Correspondence and announcements throughout the duration of the event will happen primarily through Slack. We will provide additional contact information there, if necessary. We will be arranging check-ins, meetings with UCI ML Repository team members, and office hours, should anyone need guidance or assistance. There will be prizes offered to those groups that submit particularly useful or creative deliverables. If their submissions get incorporated into the repository website, award winners will also be credited as contributors to the UCI ML Repository . We encourage students with any academic background or interest to participate!


Overviews of currently available projects are shown below. Required materials will become available to registered participants at the start of the hackathon. More projects may also be added so be on the look out!

Visualization of Datasets

Create an interactive visual way for users to browse datasets in the UCI ML Repository. This should help users find datasets relevant to their needs and find useful datasets they might not have found otherwise.

Automatic Statistician

For each dataset in the UCI ML Repository, produce results on several metrics examining the quality and attributes of the dataset. Determine most helpful metrics based on variability within the datasets as well as how well metrics identify artificial data. Possible features to consider would be, variance of performance between model types, features correlations, balance of labels and features etc.

Evaluation of Datasets

Develop a fully automatic black-box model for classification and regression problems on tabular datasets. This could include automatically infering the problem type of a dataset (binary classification, regression etc.), handling numerical and categorical variables and apply suitable preprocessing, training multiple models on each dataset and display the results in a tabular form, hyperparamter search etc.

Recommendation System

For each dataset in the UCI ML Repository, recommend other datasets in the repository that are similar to it. All available features for each of the datasets will be provided. Additional datasets from other repositories may also be included for training and testing purposes.

NLP for Dataset Parsing

Use NLP methods to extract information from papers introducing or using datasets from the UCI Repository. Relevant information to identity from papers could be the variable used as the target, main results, funding sources etc.


Tamanna Hossain

PhD Student, Computer Science

Faculty Mentors

  • Sameer Singh
  • Padhraic Smyth
  • Philip Papadopoulos

Contact Us


Slack (for registered participants only):



RCIC is generously providing computational resources for the hackathon.

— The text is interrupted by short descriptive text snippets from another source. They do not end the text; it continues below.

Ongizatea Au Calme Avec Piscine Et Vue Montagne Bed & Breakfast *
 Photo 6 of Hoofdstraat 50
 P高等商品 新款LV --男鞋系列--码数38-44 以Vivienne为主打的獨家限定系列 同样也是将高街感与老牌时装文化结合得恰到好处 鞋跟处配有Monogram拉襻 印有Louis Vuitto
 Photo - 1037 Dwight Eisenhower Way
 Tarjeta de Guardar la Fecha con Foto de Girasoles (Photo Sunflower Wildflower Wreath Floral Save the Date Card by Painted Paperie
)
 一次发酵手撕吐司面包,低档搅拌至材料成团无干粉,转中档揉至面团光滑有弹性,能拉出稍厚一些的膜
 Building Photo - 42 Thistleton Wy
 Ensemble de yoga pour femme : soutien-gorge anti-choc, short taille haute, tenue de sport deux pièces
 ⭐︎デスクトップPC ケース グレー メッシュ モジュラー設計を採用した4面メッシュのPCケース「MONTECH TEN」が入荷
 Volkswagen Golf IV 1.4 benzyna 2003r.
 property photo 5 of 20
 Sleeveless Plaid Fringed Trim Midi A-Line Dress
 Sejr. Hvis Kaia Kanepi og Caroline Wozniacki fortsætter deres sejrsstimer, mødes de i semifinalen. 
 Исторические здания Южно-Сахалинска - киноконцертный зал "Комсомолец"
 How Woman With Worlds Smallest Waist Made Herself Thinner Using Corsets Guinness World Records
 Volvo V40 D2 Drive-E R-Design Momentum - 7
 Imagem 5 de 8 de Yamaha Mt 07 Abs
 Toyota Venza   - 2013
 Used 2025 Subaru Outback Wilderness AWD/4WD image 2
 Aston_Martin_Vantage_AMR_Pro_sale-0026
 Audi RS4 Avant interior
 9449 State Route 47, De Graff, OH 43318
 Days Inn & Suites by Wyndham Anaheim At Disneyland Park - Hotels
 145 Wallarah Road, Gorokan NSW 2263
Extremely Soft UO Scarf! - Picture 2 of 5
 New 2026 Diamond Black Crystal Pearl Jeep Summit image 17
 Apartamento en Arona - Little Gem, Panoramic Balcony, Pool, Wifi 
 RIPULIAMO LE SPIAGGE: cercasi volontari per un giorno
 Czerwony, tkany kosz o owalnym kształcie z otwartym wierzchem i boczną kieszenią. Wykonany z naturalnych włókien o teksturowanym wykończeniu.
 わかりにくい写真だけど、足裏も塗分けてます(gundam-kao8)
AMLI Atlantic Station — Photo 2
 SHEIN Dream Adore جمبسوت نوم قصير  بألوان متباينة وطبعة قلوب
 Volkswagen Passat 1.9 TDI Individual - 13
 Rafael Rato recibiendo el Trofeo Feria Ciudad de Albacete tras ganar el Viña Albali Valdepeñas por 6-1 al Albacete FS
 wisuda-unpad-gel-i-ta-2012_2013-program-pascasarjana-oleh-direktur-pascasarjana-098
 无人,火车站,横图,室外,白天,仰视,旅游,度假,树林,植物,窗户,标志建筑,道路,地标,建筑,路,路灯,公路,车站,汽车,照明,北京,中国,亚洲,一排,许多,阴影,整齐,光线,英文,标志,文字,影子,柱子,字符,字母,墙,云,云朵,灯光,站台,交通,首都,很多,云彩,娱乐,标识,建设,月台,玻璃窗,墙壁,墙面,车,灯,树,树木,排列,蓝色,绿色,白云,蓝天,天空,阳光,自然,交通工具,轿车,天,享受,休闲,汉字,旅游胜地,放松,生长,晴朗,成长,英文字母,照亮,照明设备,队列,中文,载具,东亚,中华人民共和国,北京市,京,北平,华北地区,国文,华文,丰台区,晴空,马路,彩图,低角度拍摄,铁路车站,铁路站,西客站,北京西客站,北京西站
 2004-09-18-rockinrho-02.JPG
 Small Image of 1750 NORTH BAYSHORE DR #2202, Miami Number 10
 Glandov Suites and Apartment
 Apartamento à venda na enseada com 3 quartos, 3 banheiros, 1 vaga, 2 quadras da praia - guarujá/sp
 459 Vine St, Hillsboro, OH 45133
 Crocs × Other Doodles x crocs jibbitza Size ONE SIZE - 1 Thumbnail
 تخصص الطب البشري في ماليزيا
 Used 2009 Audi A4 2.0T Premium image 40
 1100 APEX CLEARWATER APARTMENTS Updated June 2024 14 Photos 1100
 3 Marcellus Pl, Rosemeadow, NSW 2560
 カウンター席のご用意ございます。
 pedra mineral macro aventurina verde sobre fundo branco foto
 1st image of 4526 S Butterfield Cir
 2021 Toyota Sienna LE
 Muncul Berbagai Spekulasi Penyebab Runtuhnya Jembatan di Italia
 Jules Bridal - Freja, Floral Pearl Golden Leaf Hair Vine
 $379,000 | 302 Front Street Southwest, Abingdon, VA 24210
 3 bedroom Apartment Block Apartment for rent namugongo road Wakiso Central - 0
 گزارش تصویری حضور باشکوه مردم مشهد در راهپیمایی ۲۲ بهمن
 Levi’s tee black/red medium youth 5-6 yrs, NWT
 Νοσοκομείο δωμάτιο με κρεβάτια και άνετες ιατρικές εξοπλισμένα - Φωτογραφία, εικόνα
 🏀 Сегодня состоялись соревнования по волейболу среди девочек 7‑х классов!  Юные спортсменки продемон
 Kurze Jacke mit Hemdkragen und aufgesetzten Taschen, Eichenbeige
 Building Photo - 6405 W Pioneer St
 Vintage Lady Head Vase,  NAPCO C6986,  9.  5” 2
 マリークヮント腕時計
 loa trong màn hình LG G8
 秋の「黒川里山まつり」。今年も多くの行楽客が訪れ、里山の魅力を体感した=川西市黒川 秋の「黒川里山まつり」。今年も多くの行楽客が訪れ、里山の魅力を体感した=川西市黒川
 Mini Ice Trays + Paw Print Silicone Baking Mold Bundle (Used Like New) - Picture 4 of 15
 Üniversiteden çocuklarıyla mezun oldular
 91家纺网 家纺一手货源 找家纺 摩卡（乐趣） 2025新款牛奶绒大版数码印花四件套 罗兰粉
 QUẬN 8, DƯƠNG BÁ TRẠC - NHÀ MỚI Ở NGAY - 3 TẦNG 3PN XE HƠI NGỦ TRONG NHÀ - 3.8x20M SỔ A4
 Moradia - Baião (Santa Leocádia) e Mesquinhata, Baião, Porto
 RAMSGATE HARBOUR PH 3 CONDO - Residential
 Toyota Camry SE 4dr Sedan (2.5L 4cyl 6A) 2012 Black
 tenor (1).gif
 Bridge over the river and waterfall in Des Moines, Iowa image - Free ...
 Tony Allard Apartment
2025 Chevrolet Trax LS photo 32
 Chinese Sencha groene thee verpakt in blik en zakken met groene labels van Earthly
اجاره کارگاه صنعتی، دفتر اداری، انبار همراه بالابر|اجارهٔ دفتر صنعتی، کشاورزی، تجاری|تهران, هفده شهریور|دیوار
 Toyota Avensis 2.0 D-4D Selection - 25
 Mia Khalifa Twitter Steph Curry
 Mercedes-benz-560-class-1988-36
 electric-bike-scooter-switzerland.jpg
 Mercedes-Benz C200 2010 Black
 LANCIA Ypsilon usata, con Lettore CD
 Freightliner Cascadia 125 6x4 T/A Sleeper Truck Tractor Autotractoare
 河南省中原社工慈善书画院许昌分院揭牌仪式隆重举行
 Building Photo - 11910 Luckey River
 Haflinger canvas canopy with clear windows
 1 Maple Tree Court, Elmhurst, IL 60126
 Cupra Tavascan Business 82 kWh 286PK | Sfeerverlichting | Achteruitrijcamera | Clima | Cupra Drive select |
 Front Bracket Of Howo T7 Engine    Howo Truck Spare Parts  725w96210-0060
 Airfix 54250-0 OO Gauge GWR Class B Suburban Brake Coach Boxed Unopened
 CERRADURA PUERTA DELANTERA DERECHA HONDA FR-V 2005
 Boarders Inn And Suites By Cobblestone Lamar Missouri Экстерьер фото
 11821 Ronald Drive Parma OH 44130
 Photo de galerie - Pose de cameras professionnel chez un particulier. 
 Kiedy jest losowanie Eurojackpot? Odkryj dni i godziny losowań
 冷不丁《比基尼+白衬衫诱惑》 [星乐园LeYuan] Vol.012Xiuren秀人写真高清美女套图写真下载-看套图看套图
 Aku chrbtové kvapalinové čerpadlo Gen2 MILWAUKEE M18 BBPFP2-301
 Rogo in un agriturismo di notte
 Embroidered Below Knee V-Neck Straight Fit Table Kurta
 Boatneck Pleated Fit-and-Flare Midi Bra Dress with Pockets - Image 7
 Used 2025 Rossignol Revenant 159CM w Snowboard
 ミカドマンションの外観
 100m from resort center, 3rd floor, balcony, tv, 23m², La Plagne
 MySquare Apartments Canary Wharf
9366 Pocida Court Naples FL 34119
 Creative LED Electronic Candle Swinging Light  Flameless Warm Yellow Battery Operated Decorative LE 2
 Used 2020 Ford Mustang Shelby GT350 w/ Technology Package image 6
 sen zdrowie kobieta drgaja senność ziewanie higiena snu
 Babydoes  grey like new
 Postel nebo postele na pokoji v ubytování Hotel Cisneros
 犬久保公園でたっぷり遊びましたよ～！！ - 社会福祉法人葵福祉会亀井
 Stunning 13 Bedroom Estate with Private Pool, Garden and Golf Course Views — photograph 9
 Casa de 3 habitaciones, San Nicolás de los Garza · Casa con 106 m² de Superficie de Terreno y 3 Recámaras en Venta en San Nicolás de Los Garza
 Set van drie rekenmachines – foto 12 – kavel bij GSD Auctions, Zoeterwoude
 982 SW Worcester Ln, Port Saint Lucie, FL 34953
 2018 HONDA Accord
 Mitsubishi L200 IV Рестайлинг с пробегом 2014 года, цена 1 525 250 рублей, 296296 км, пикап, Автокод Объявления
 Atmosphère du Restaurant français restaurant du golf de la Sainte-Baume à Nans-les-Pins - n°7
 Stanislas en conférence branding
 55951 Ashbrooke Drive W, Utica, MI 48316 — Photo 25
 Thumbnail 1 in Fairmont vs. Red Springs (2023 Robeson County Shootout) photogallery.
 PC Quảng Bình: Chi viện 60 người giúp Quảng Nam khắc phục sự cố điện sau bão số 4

Go to the page above to see how to access the machines and run your jobs on the HPC. If you have any questions about the computing resources, post in the #computing channel on Slack.

Frequently Asked Questions

  • I already have a team in mind. How do we register together?
    Every team member needs to register. We will be contacting you about teaming closer to the event.

  • Will there be prizes?
    Yes, most interesting submissions will receive monetary prizes. They will also be credited as contributors to the UCI ML Repository if their submissions get incorporated into the repository website.

  • Will computational resources be provided for the hackathon?
    Yes, we will be providing access to a cluster computing environment for registered hackathon participants. Instructions on how to access resources will be released at the start of the hackathon.

  • When will we be able to access project details?
    Project overviews have been released on this page. Required materials will become available to registered participants at the start of the hackathon. More projects might also be added closer to the hackathon so be on the look out.